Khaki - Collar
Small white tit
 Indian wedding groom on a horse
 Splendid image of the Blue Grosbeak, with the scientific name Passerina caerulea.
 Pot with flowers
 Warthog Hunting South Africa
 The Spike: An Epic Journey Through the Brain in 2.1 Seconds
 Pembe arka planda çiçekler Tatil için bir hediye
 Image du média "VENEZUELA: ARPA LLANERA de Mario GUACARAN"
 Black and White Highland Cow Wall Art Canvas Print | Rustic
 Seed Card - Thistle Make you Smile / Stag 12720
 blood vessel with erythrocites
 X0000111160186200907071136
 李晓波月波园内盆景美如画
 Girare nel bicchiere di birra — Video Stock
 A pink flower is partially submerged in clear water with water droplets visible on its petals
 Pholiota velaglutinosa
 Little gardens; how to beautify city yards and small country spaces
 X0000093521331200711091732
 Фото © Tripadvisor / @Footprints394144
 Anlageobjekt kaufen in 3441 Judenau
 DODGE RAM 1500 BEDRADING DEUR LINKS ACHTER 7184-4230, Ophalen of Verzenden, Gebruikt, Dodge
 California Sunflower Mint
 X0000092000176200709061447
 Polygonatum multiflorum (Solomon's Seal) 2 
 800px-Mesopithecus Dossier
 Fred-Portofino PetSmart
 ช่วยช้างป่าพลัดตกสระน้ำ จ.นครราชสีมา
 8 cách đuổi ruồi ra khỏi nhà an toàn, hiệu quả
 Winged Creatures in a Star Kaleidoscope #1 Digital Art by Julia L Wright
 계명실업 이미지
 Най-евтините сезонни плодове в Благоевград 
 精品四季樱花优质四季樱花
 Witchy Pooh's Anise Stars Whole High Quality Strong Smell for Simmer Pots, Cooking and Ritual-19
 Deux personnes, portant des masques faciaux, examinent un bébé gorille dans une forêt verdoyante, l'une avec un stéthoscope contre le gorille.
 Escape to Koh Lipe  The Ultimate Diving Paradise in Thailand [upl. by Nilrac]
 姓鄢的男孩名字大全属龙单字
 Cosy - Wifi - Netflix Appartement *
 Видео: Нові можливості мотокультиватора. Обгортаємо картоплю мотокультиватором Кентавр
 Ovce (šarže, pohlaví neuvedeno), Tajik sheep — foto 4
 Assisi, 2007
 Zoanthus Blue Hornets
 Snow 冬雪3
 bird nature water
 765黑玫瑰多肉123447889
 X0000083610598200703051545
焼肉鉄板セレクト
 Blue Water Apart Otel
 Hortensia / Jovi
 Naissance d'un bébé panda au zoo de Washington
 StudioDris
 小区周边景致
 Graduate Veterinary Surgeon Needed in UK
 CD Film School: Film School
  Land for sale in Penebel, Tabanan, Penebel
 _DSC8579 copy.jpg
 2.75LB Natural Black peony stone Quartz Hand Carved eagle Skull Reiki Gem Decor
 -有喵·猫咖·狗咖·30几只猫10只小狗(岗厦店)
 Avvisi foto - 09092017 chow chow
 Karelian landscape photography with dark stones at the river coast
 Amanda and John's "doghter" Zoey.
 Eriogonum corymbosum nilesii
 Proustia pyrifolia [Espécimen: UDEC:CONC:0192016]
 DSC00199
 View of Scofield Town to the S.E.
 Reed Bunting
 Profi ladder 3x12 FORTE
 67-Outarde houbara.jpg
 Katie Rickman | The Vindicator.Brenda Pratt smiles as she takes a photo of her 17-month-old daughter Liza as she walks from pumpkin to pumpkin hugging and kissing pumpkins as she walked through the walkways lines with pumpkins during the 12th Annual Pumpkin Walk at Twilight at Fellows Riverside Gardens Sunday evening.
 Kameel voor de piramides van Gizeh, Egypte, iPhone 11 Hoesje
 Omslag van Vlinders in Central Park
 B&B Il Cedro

▬▬▬▬▬▬

WHAT THE TASK REQUIRES:
Wherever the word "Black" turns up in the material, copy the whole line.

SOLUTION:
 Black and White Highland Cow Wall Art Canvas Print | Rustic
 2.75LB Natural Black peony stone Quartz Hand Carved eagle Skull Reiki Gem Decor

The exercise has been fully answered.